| ACTIVITY |
Pictures stay out of the copy. Retype exactly the lines below from the one with "How? Solution No." through the one with "And final. Enchiladas".
*** DATA EXCERPTS
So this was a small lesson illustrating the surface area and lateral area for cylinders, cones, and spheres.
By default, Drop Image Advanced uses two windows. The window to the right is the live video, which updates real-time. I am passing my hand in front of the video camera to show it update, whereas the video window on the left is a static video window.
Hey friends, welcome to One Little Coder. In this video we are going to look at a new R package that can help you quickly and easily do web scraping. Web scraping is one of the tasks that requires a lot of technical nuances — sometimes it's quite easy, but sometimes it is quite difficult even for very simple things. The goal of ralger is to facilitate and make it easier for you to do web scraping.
******
*** DATA EXCERPTS
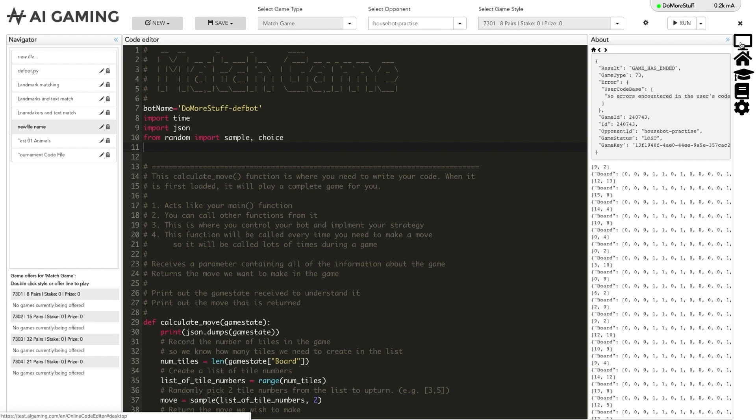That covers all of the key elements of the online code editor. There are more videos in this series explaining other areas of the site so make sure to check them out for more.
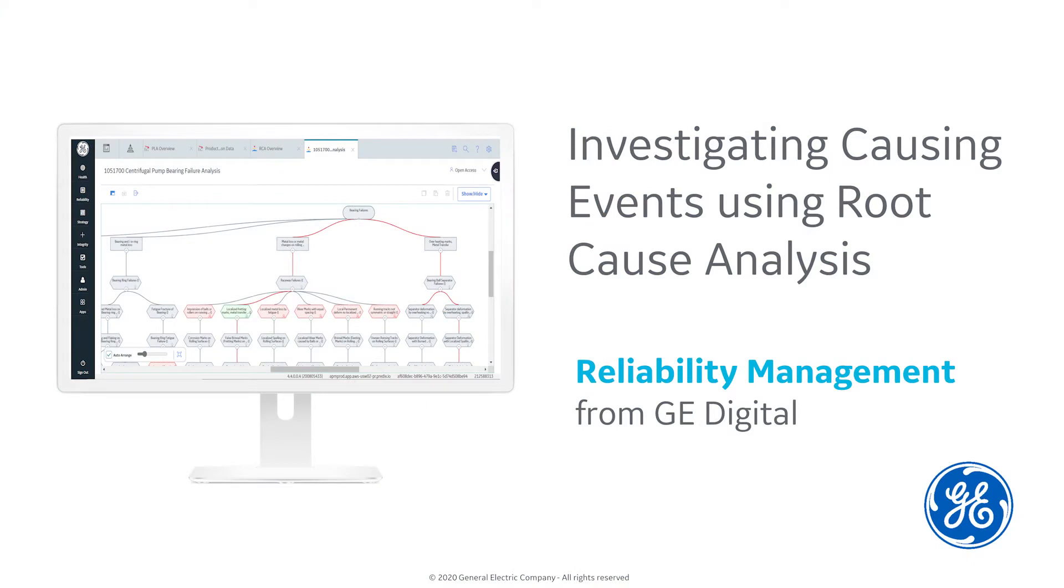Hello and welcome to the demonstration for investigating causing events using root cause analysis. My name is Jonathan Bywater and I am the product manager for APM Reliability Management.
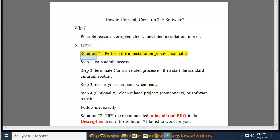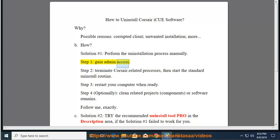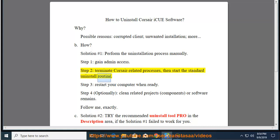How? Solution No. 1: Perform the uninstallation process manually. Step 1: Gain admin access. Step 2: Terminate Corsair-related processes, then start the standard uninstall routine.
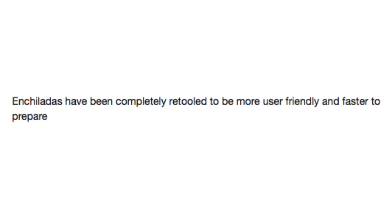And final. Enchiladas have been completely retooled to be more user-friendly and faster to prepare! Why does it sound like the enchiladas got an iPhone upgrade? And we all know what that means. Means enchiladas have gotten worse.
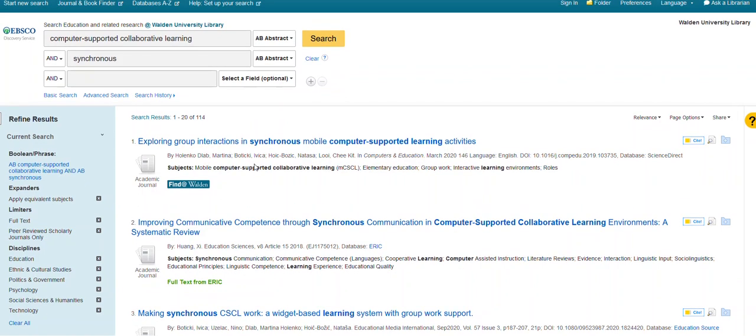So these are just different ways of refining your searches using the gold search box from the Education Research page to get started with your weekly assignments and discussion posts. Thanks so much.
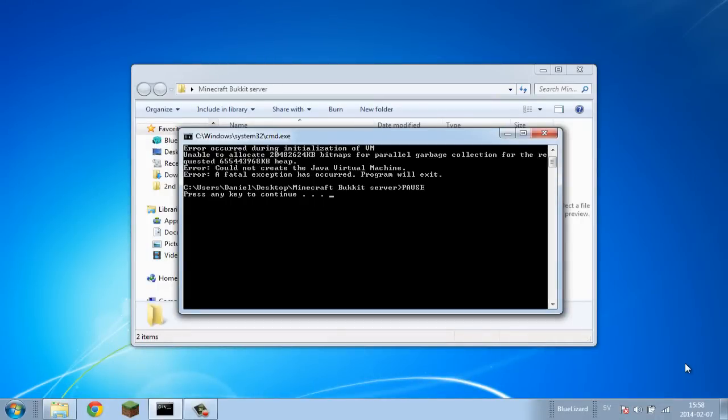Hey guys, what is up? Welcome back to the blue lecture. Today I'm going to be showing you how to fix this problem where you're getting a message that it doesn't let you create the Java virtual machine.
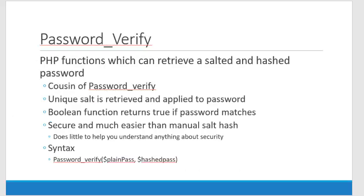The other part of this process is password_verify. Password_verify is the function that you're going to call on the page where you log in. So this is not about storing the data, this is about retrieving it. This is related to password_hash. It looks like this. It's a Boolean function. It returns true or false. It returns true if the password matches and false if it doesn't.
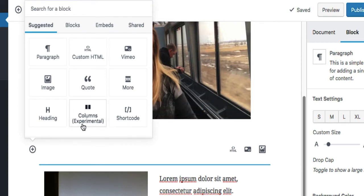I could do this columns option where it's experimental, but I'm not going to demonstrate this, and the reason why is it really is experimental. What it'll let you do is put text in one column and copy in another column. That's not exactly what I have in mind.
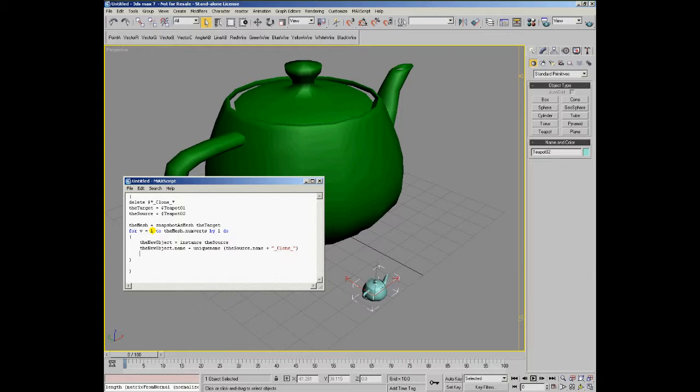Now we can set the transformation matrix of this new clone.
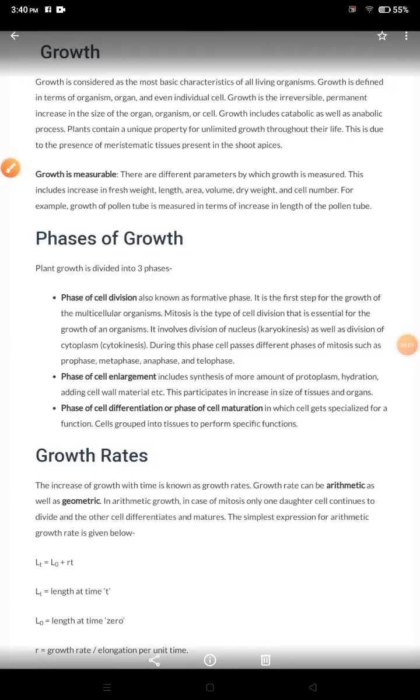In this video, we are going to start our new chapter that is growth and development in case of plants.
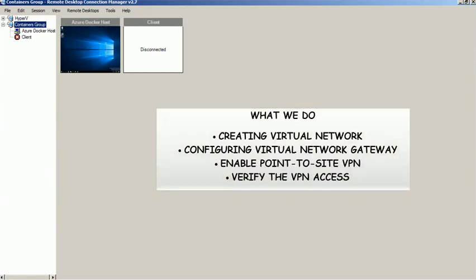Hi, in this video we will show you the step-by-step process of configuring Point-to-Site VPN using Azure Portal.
******
*** DATA EXCERPTS
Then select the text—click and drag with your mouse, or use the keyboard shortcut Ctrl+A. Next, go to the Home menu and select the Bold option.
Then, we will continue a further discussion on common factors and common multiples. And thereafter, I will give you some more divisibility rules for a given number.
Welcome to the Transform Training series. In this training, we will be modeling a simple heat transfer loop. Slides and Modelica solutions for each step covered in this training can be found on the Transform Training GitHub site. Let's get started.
******
| RESPONSE TO THE EXERCISE |
How? Solution No. 1: Perform the uninstallation process manually. Step 1: Gain admin access. Step 2: Terminate Corsair-related processes, then start the standard uninstall routine.
And final. Enchiladas have been completely retooled to be more user-friendly and faster to prepare! Why does it sound like the enchiladas got an iPhone upgrade? And we all know what that means. Means enchiladas have gotten worse.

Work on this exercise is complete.